En Asia finalmente debemos hablar del
largo estancamiento que experimenta la economía japonesa desde 1989.
Según afirmó Ronald Mc Kinnon, profesor
de economía internacional de la Universidad de Sandford de los Estados Unidos,
“...la incapacidad para diagnosticar el prolongado hundimiento económico de
Japón, con la inversión privada y el consumo languideciendo y el sistema
bancario en perpetua crisis, se ha convertido en el gran fracaso de la
macroeconomía moderna”.
Por su parte,
la crisis asiática de 1997 se ha propagado al sudeste asiático y si bien estas
economías están en recuperación mantienen la misma fragilidad que en años
previos a la crisis.
La causa
Pero quedémonos con las palabras de Ronald Mc Kinnon:
la crisis japonesa sería “el gran fracaso de la macroeconomía moderna”.

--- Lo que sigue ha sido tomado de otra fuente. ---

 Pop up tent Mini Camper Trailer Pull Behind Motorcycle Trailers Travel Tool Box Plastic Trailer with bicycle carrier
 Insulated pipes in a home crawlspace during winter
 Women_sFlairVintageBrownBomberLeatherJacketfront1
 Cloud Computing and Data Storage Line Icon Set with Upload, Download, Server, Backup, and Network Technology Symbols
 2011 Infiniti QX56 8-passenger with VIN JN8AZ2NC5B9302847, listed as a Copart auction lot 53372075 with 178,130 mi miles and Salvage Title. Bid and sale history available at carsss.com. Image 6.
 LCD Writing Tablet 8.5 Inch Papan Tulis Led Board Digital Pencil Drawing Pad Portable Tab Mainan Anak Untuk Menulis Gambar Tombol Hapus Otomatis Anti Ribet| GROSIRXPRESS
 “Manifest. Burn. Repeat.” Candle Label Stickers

Por supuesto podríamos extender estas palabras hacia el caso norteamericano y
europeo, pero también a los casos de los países en vías de desarrollo. La
macroeconomía moderna no estudia otra cosa que distintas formas de manipular la
tasa de interés, controlar el tipo de cambio y disminuir o incrementar la
oferta monetaria según criterios aleatorios del presidente de turno del Banco
Central.
Tomemos por caso a la economía norteamericana. Alan
Greenspan con su intento de recuperar la economía norteamericana ha manipulado
la tasa de interés hasta llevarla al nivel más bajo de la historia. Incluso hay
analistas que aseguraron que la tasa de interés real en Estados Unidos era
negativa si se consideraba que la tasa de interés nominal era menor que la tasa
de inflación.
Los enormes incrementos de productividad provocados
por los avances de internet y la comunicación le han dado un respiro a la
economía norteamericana. Pero el nivel de endeudamiento tanto en materia fiscal
como comercial y fundamentalmente las continuas manipulaciones en materia
monetaria y cambiaria muy pronto se verán reflejados en una importante
depresión que lamentablemente azotará también a casi todas las economías del
mundo.
Podríamos sugerir que todas las crisis nombradas no
son más que una sola crisis. La crisis generada por la reserva federal y cada
uno de los bancos centrales que manipulan los precios, la tasa de interés y la
cantidad de dinero que circula en una economía.
Desde 1971 no hay moneda en el mundo que no esté
sujeta a la política monetaria y cambiaria de algún Banco Central. La moneda
hoy está respaldada únicamente en confianza. ¿Qué ocurrirá cuando la confianza
termine?
Sugerimos comenzar a estudiar medidas alternativas. La
moneda libre entendemos es el único camino. Ludwig von Mises, Friedrich A. Von
Hayek y los pensadores de la Escuela Austríaca de Economía hace ya casi un
siglo que vienen proponiendo la única solución posible, esto es, renunciar a
todo tipo de políticas monetarias y cambiarias, dejando que el mercado
establezca por su cuenta la tasa de interés, el tipo de cambio entre las
distintas monedas y la cantidad de dinero que se requiere en circulación.